## [TASK DIRECTIONS]
Restate all of the following data exactly, keeping any images out of the copy.
EXERCISE DATA: Begin
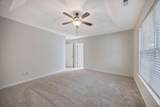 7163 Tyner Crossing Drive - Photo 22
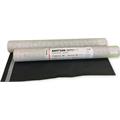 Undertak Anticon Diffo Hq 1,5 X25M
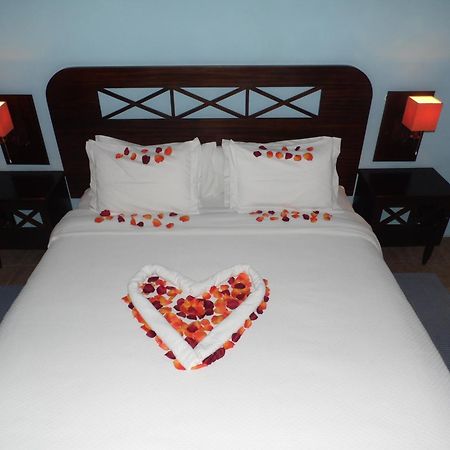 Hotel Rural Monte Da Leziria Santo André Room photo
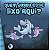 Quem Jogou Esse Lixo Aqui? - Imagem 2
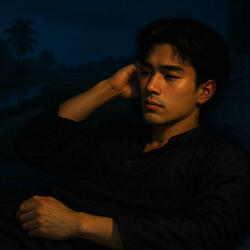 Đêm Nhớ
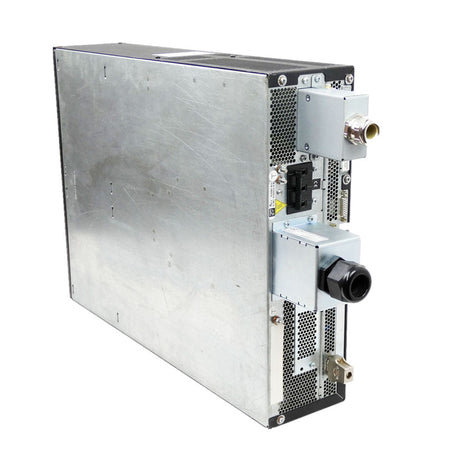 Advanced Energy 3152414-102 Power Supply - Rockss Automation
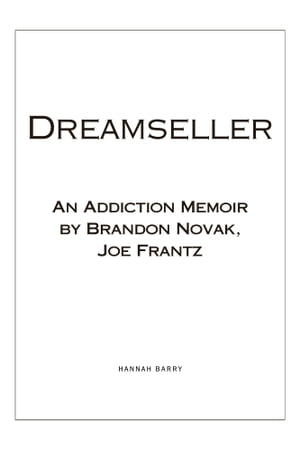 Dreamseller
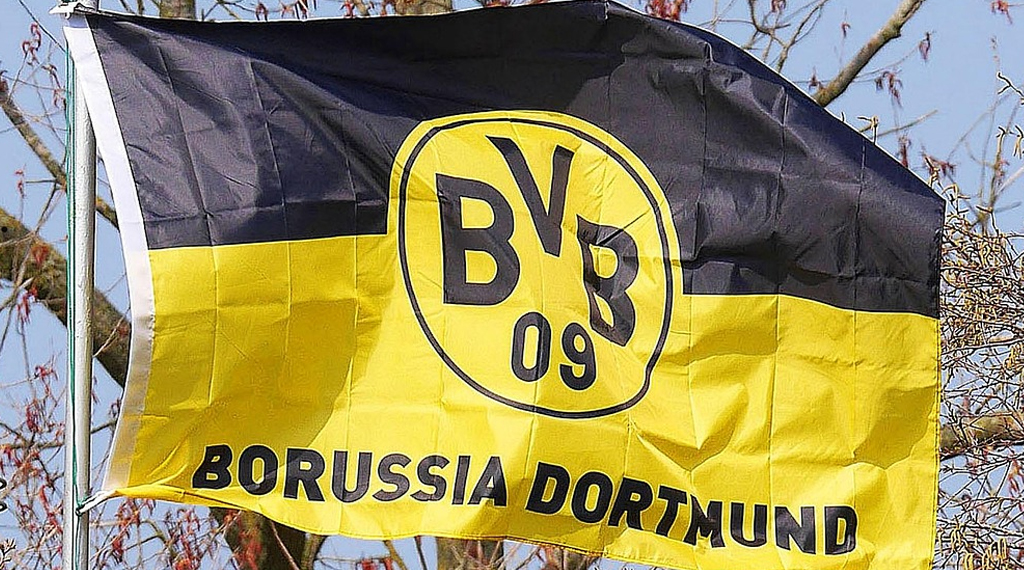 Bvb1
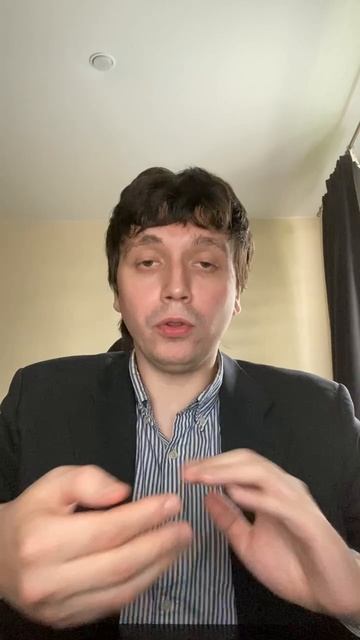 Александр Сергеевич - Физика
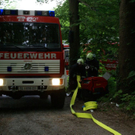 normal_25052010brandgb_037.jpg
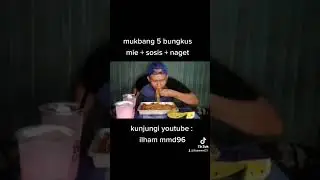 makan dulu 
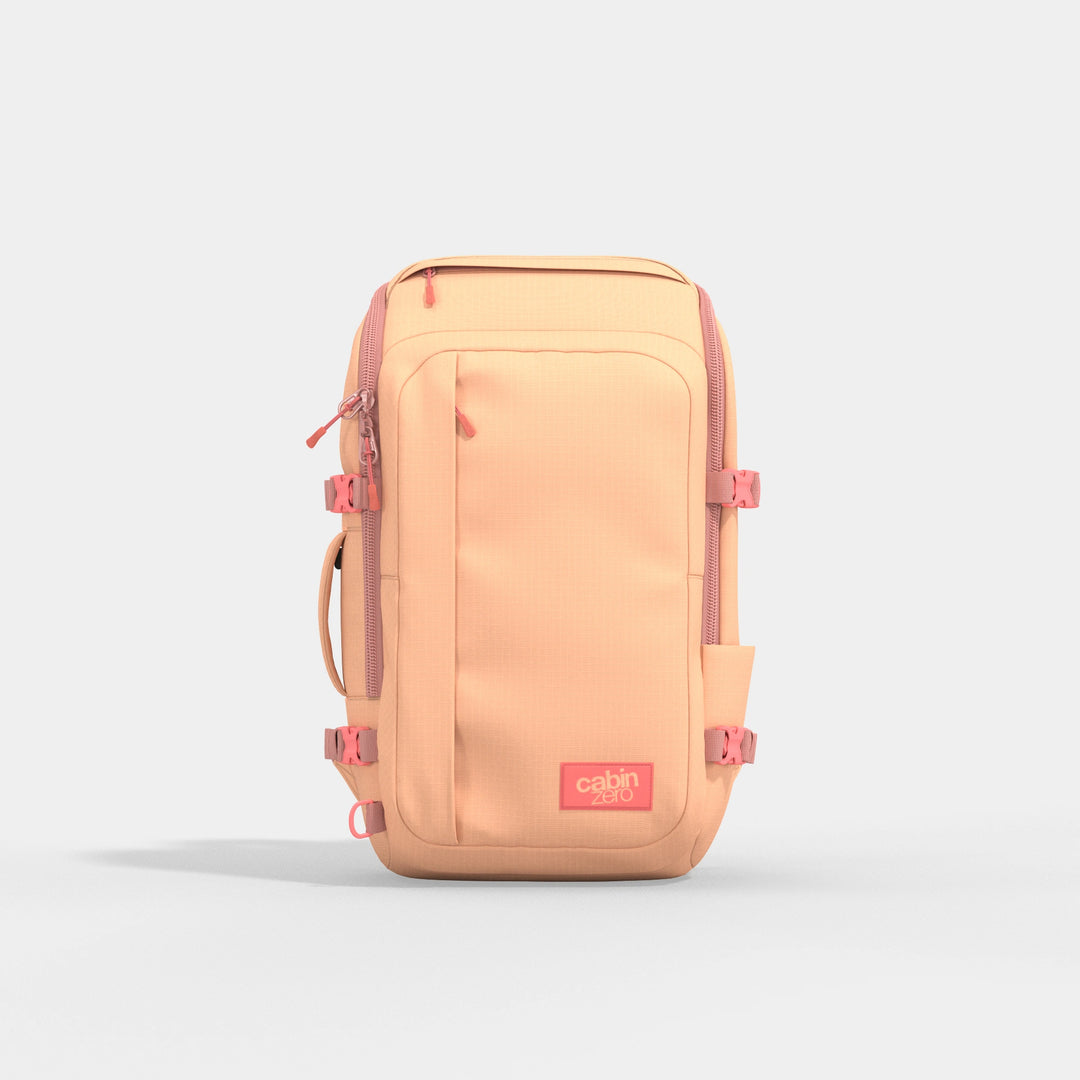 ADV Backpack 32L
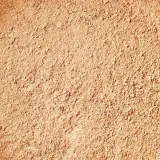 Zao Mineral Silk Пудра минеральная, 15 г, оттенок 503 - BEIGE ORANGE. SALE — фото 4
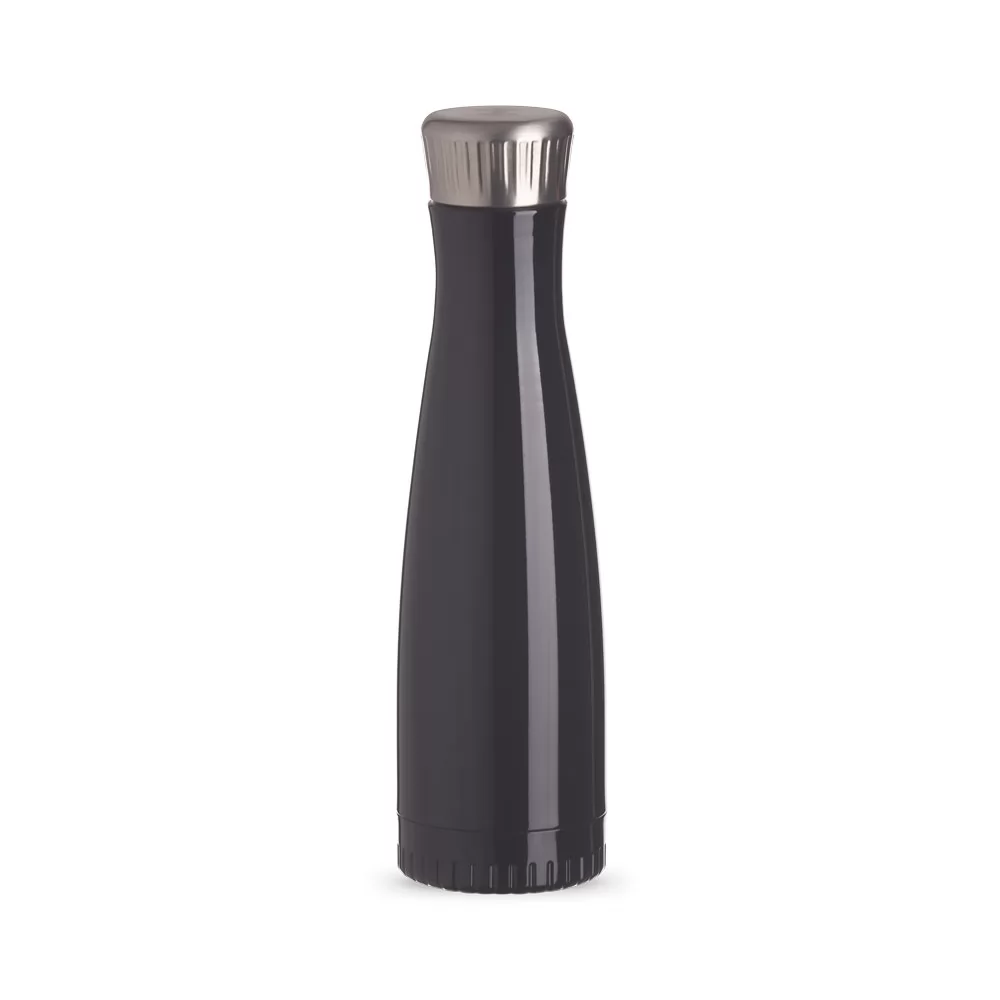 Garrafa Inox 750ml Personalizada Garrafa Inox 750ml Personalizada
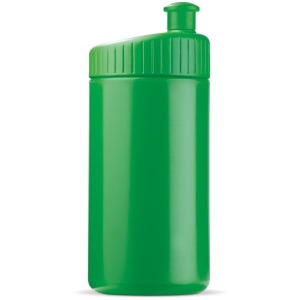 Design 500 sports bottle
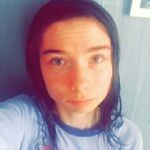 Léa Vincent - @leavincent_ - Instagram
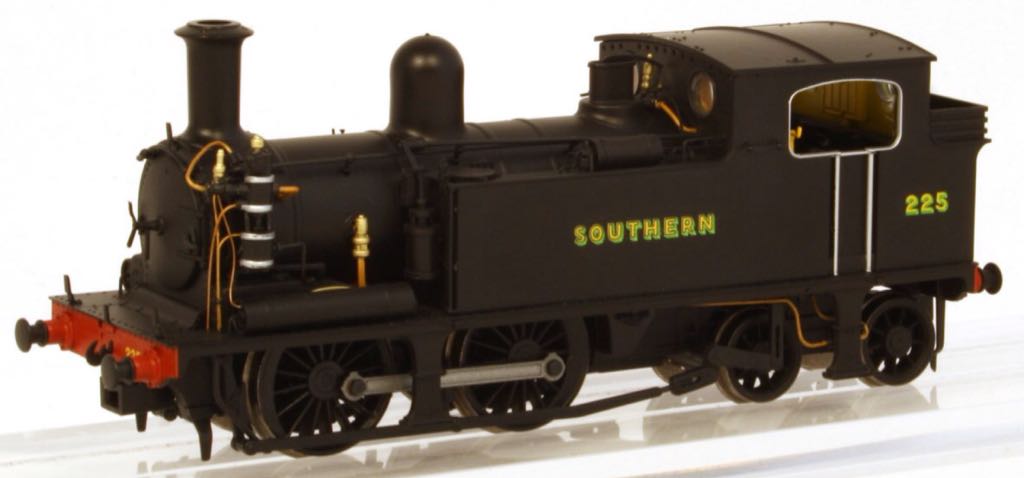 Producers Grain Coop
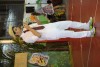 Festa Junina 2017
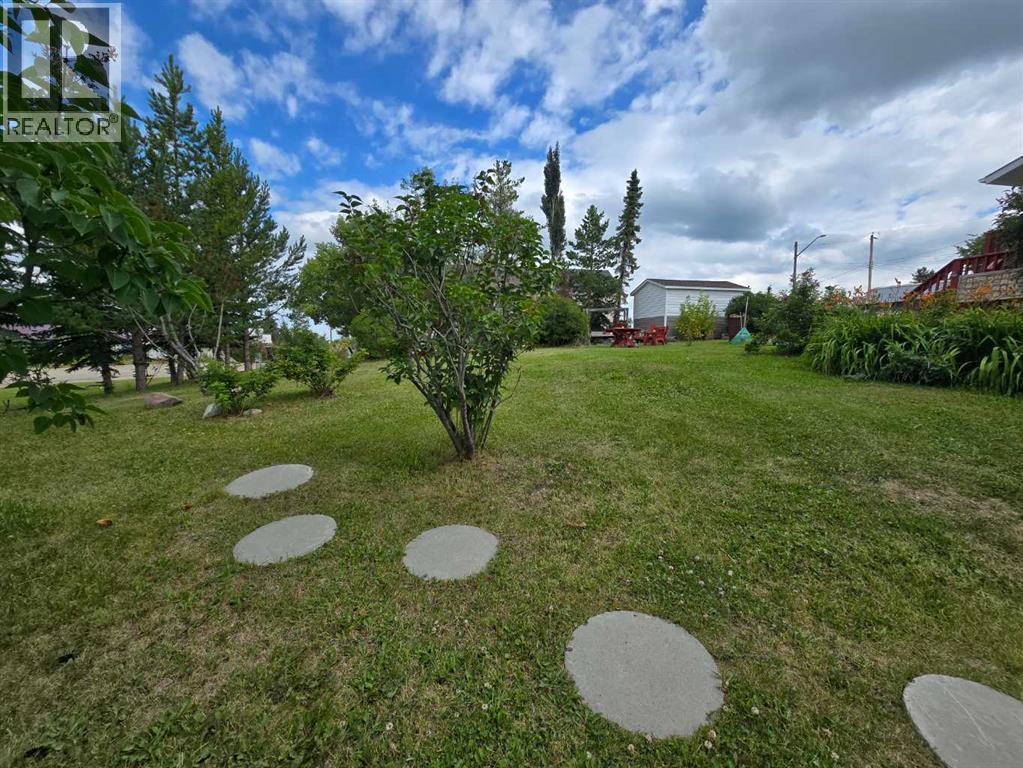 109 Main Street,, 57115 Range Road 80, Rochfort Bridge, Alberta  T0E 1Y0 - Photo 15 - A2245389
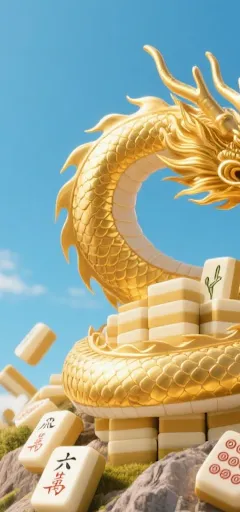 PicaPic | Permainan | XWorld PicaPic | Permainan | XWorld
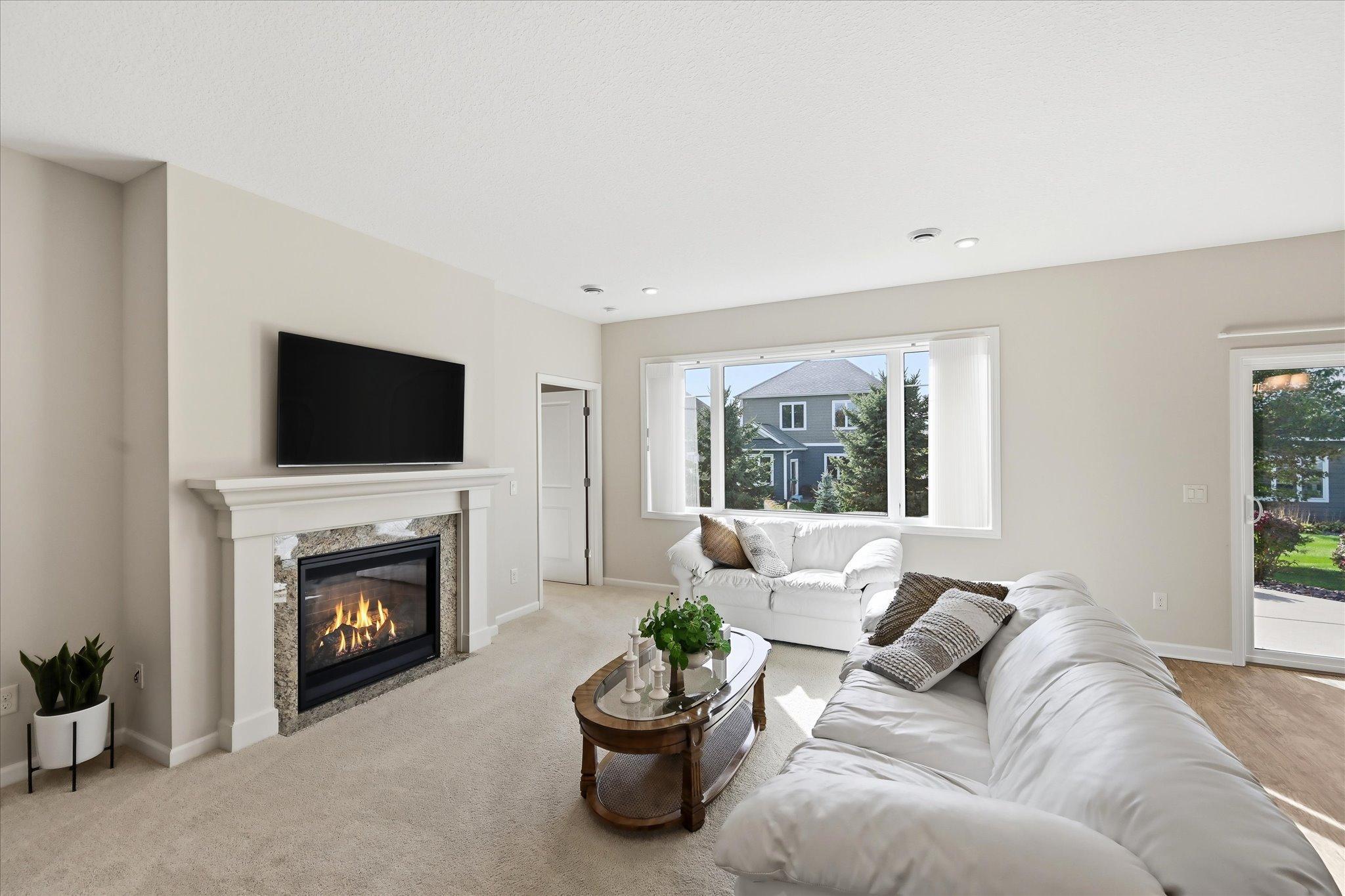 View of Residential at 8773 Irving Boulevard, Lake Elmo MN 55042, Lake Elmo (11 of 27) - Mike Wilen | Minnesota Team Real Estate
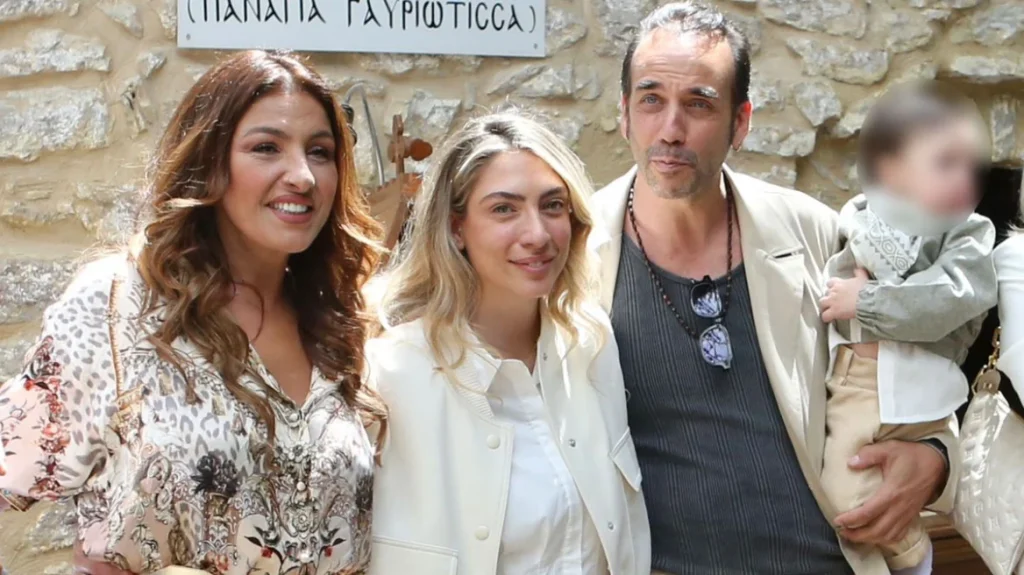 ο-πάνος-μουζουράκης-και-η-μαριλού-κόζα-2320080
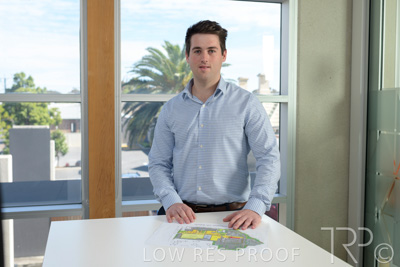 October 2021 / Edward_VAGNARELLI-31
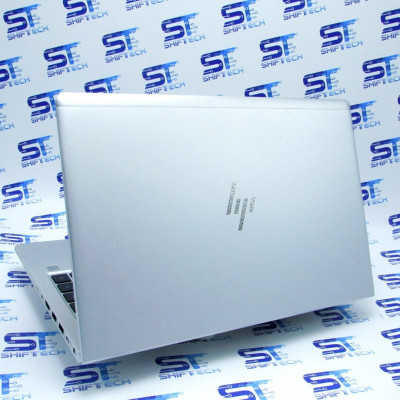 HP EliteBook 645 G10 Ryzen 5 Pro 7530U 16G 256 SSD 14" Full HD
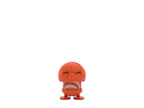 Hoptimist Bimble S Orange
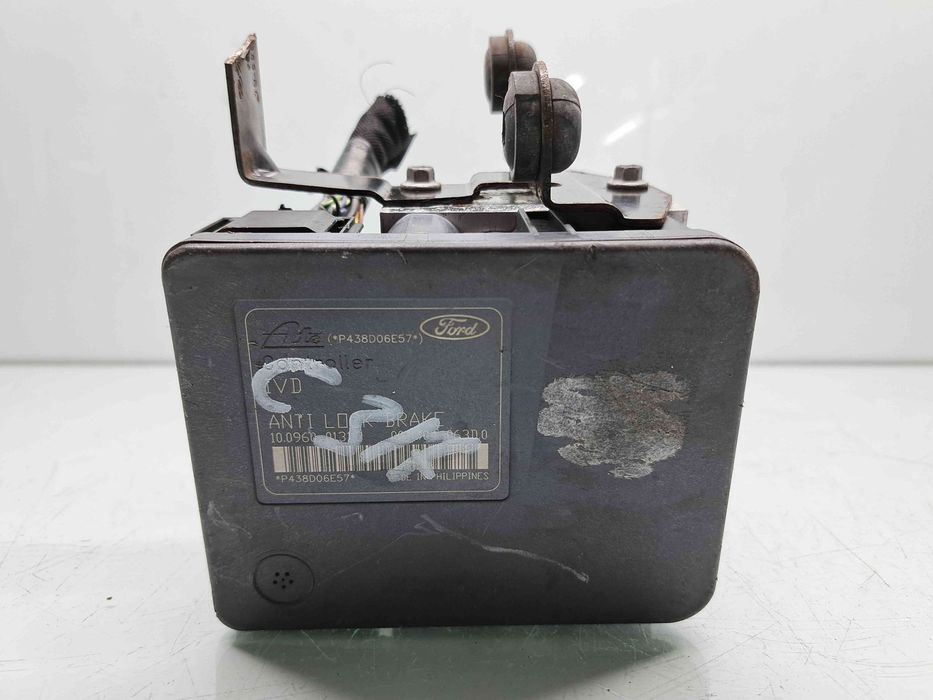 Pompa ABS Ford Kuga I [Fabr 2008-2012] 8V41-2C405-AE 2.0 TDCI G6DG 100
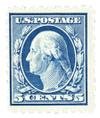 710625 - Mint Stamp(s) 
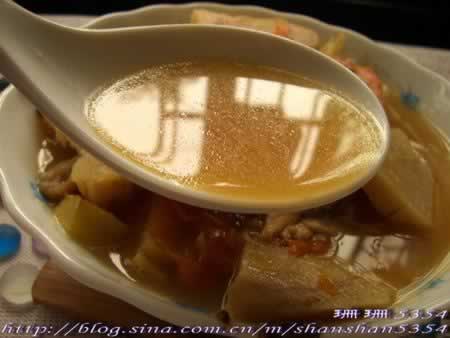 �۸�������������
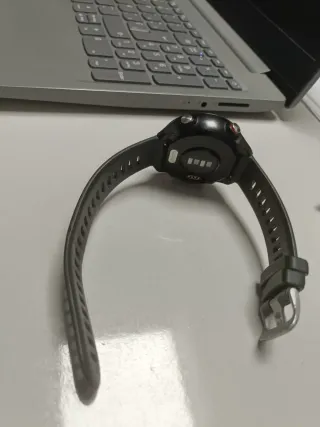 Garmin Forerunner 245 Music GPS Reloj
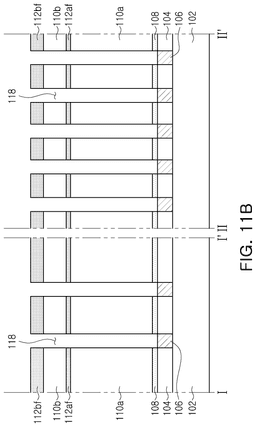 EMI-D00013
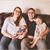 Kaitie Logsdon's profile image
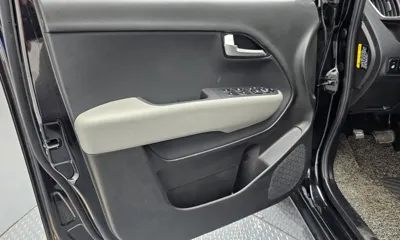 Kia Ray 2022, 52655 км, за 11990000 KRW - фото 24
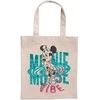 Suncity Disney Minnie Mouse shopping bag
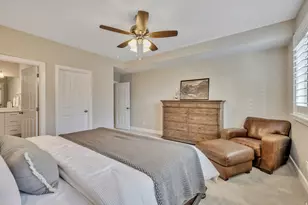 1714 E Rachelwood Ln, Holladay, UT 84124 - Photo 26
EXERCISE DATA: End
## [OUTPUT FOR THIS EXERCISE]
 7163 Tyner Crossing Drive - Photo 22
 Undertak Anticon Diffo Hq 1,5 X25M
 Hotel Rural Monte Da Leziria Santo André Room photo
 Quem Jogou Esse Lixo Aqui? - Imagem 2
 Đêm Nhớ
 Advanced Energy 3152414-102 Power Supply - Rockss Automation
 Dreamseller
 Bvb1
 Александр Сергеевич - Физика
 normal_25052010brandgb_037.jpg
 makan dulu 
 ADV Backpack 32L
 Zao Mineral Silk Пудра минеральная, 15 г, оттенок 503 - BEIGE ORANGE. SALE — фото 4
 Garrafa Inox 750ml Personalizada Garrafa Inox 750ml Personalizada
 Design 500 sports bottle
 Léa Vincent - @leavincent_ - Instagram
 Producers Grain Coop
 Festa Junina 2017
 109 Main Street,, 57115 Range Road 80, Rochfort Bridge, Alberta  T0E 1Y0 - Photo 15 - A2245389
 PicaPic | Permainan | XWorld PicaPic | Permainan | XWorld
 View of Residential at 8773 Irving Boulevard, Lake Elmo MN 55042, Lake Elmo (11 of 27) - Mike Wilen | Minnesota Team Real Estate
 ο-πάνος-μουζουράκης-και-η-μαριλού-κόζα-2320080
 October 2021 / Edward_VAGNARELLI-31
 HP EliteBook 645 G10 Ryzen 5 Pro 7530U 16G 256 SSD 14" Full HD
 Hoptimist Bimble S Orange
 Pompa ABS Ford Kuga I [Fabr 2008-2012] 8V41-2C405-AE 2.0 TDCI G6DG 100
 710625 - Mint Stamp(s) 
 �۸�������������
 Garmin Forerunner 245 Music GPS Reloj
 EMI-D00013
 Kaitie Logsdon's profile image
 Kia Ray 2022, 52655 км, за 11990000 KRW - фото 24
 Suncity Disney Minnie Mouse shopping bag
 1714 E Rachelwood Ln, Holladay, UT 84124 - Photo 26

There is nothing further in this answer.